What the exercise asks: Images are not part of the copy; write out the rest of the data exactly as given.

Data supplied:
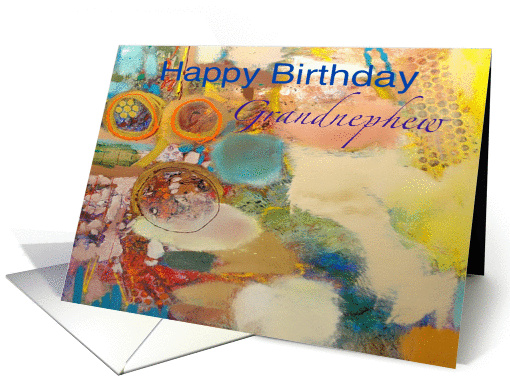 Colorful Abstract Painting - Happy Birthday Grandnephew card (1123706)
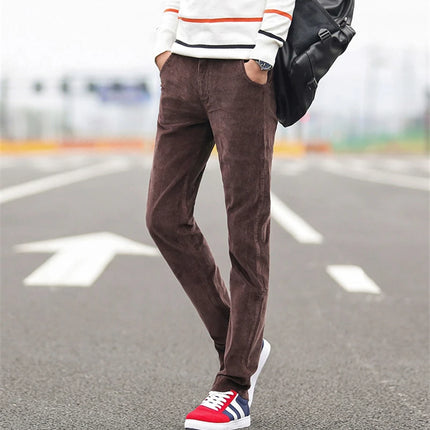 High Quality New Autumn and Winter Male Business Men's Trousers Straight Corduroy Corduroy Pants Breathable Casual Pants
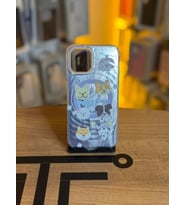 iPhone 12 / 12 Pro Uyumlu Renkli İllüstrasyon Özel Tasarım Silikon Kılıf (Pembe Gümüş)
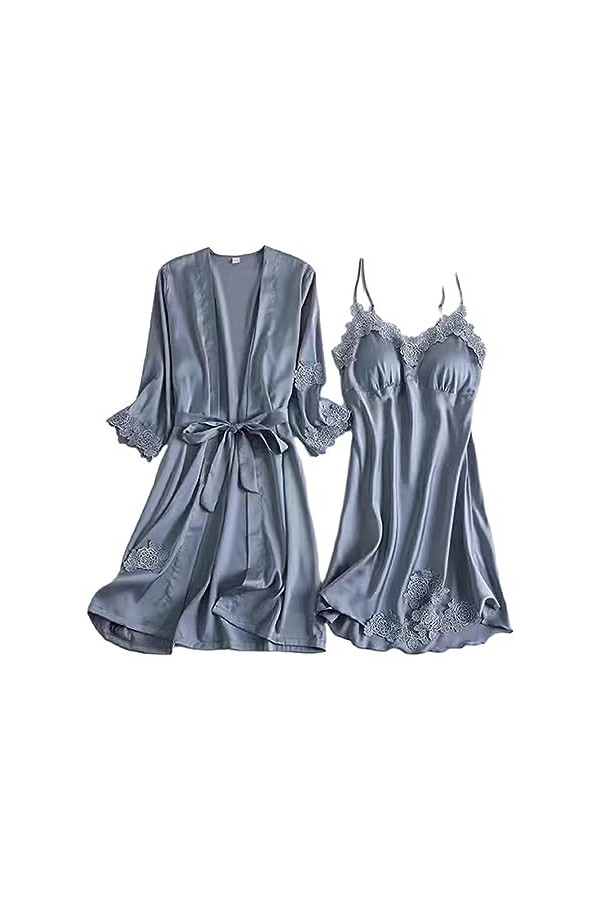 YIUPEDRFG Et dans une robe de peignoir confortable et légère nuits dété lâche décontracté costume de sommeil Polyester femme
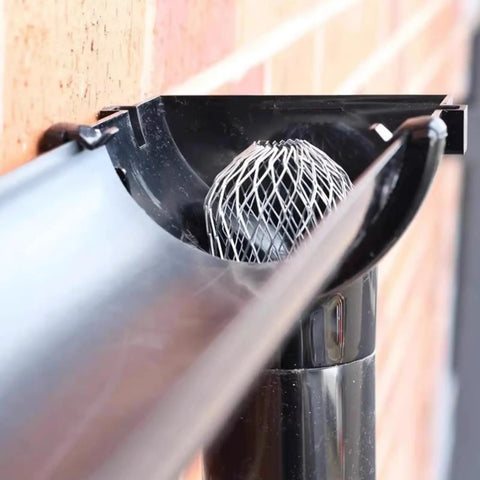 Six Pack Downspout Guard Filter Set Aluminum Gutter Strainer Mesh Screens Expandable Downspout Protector installed in gutter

Answer area:
 Colorful Abstract Painting - Happy Birthday Grandnephew card (1123706)
 High Quality New Autumn and Winter Male Business Men's Trousers Straight Corduroy Corduroy Pants Breathable Casual Pants
 iPhone 12 / 12 Pro Uyumlu Renkli İllüstrasyon Özel Tasarım Silikon Kılıf (Pembe Gümüş)
 YIUPEDRFG Et dans une robe de peignoir confortable et légère nuits dété lâche décontracté costume de sommeil Polyester femme
 Six Pack Downspout Guard Filter Set Aluminum Gutter Strainer Mesh Screens Expandable Downspout Protector installed in gutter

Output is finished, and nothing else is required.